2025-08-15 ミュンヘン大学(LMU)
<関連情報>
- https://www.lmu.de/en/newsroom/news-overview/news/land-use-severely-reduces-global-carbon-in-plants-and-soils.html
- https://www.cell.com/one-earth/fulltext/S2590-3322(25)00218-0
人類は地球の陸上炭素貯蔵量を四分の一減少させた Humans have depleted global terrestrial carbon stocks by a quarter
Raphael Ganzenmüller ∙ Wolfgang A. Obermeier ∙ Selma Bultan ∙ Seth A. Spawn-Lee, ∙ Florian Zabel ∙ Julia Pongratz
One Earth Published:July 10, 2025
DOI:https://doi.org/10.1016/j.oneear.2025.101392
Graphical abstract
Science for society
Natural ecosystems play a crucial role in regulating the climate, storing more carbon than all fossil fuel reserves combined. However, land-use activities such as agricultural expansion and forest management are massively altering vegetation and soil carbon stocks, releasing vast amounts of carbon into the atmosphere, which substantially contribute to global warming. Yet, quantifying carbon loss from natural ecosystems globally at high resolution has been challenging.
Our research addresses this gap by providing a consistent estimate of this deficit: globally, carbon in vegetation and soil has been reduced through land-use activities by 24% (344 PgC), comparable to all fossil fuel emissions over the past 50 years. We also find that current global vegetation models considerably underestimate this loss. Our findings offer valuable insights for policymakers to prioritize conservation and restoration efforts, guide sustainable land-use decisions, and improve global vegetation models.
Highlights
- Global terrestrial carbon stocks have been depleted by 24% (344 PgC)

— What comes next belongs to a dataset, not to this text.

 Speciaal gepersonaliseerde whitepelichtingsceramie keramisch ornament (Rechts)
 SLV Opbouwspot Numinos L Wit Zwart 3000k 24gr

- Our estimates of the carbon deficit are at unprecedented resolution and consistency
- Pasture expansion, cropland expansion, and forest management are major drivers
- Dynamic global vegetation models underestimate the carbon deficit by 37% on average
Summary
Mitigating global climate change requires massive greenhouse gas emission reductions and carbon removal efforts. Although terrestrial ecosystems store large amounts of carbon, land-use change has substantially diminished these stocks in many regions. However, a consistent, high-resolution approach to quantify the differences between actual and potential carbon stocks in vegetation and soils—the terrestrial carbon deficit—remains elusive, limiting the evaluation of global climate models. Here, we combine semi-empirical data with machine learning to estimate the terrestrial carbon deficit to be 344 (251–393) PgC, equivalent to a 24% depletion, predominantly driven by pasture expansion (30%), cropland expansion (24%), and forest management (23%). We reveal that dynamic global vegetation models (DGVMs) underestimate the terrestrial carbon deficit by 37% on average (range: 2%–58%), highlighting critical limitations. Our findings support assessments of anthropogenic impacts on ecosystems and help constrain global climate models to better evaluate nature-based solutions and climate mitigation policies.